• **What you need to do**
Copy each line of the records that includes "with".
╭─ Data for this exercise
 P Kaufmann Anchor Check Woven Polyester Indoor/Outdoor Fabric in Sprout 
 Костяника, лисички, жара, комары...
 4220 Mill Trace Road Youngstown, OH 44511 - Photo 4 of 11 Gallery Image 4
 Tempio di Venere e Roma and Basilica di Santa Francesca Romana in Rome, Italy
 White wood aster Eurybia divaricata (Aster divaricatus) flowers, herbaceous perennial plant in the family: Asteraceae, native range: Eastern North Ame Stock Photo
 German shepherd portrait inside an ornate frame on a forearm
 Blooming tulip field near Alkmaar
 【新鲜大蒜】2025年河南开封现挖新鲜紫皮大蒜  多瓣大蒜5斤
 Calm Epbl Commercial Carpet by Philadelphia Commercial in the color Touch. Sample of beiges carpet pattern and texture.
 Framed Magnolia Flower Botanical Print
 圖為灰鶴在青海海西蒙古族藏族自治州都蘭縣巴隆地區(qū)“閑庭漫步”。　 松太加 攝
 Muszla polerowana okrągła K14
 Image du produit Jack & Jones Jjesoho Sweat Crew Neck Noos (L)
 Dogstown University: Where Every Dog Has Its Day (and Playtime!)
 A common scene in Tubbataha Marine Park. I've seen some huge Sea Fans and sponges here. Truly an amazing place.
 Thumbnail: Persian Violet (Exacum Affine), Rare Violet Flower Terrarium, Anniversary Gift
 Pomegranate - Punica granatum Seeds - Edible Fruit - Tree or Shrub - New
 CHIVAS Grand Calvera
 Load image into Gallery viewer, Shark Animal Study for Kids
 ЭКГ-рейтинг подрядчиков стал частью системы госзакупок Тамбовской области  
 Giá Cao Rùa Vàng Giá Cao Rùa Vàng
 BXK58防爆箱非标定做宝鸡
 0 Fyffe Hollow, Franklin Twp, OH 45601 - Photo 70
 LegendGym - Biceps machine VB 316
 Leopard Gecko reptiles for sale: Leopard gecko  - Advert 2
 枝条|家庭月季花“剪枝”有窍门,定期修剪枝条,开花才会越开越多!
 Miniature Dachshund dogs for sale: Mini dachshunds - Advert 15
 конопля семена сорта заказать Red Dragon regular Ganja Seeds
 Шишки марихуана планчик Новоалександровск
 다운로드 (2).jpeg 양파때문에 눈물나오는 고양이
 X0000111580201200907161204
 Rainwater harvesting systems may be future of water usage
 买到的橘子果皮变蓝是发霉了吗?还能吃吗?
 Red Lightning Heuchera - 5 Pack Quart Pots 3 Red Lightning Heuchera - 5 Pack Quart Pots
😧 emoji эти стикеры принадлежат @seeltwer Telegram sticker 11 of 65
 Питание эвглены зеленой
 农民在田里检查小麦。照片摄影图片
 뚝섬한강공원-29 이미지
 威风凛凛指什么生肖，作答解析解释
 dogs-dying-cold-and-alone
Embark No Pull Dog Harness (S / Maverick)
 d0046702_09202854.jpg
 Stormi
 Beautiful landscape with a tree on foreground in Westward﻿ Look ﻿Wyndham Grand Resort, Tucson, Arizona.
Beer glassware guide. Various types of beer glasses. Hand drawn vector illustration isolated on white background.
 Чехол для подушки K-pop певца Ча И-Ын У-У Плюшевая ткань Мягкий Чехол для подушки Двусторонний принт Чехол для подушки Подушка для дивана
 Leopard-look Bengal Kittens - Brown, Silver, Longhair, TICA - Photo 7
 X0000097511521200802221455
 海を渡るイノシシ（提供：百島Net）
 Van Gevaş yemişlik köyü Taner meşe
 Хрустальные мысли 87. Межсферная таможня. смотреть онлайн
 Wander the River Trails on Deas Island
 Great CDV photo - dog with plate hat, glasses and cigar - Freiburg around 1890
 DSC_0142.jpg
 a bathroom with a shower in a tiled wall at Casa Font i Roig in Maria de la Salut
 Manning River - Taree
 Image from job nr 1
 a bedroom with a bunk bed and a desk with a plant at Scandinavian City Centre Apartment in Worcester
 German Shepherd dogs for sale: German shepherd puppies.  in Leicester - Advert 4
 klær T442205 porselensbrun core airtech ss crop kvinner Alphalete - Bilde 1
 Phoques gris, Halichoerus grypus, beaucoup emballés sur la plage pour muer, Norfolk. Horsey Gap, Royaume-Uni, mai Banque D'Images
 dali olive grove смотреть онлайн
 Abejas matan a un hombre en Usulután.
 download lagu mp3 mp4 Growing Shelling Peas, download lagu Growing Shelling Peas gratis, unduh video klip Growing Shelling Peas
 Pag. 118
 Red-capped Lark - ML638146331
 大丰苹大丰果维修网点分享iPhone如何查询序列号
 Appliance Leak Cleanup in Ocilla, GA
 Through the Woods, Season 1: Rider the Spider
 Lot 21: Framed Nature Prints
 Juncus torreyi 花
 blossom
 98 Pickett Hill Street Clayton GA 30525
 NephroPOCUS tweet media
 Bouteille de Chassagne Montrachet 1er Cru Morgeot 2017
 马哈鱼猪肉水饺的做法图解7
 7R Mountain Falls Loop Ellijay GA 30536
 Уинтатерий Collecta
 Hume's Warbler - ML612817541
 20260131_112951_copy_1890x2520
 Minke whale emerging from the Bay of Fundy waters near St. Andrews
╰─
• **Your response**
 Beautiful landscape with a tree on foreground in Westward﻿ Look ﻿Wyndham Grand Resort, Tucson, Arizona.
 Great CDV photo - dog with plate hat, glasses and cigar - Freiburg around 1890
 a bathroom with a shower in a tiled wall at Casa Font i Roig in Maria de la Salut
 a bedroom with a bunk bed and a desk with a plant at Scandinavian City Centre Apartment in Worcester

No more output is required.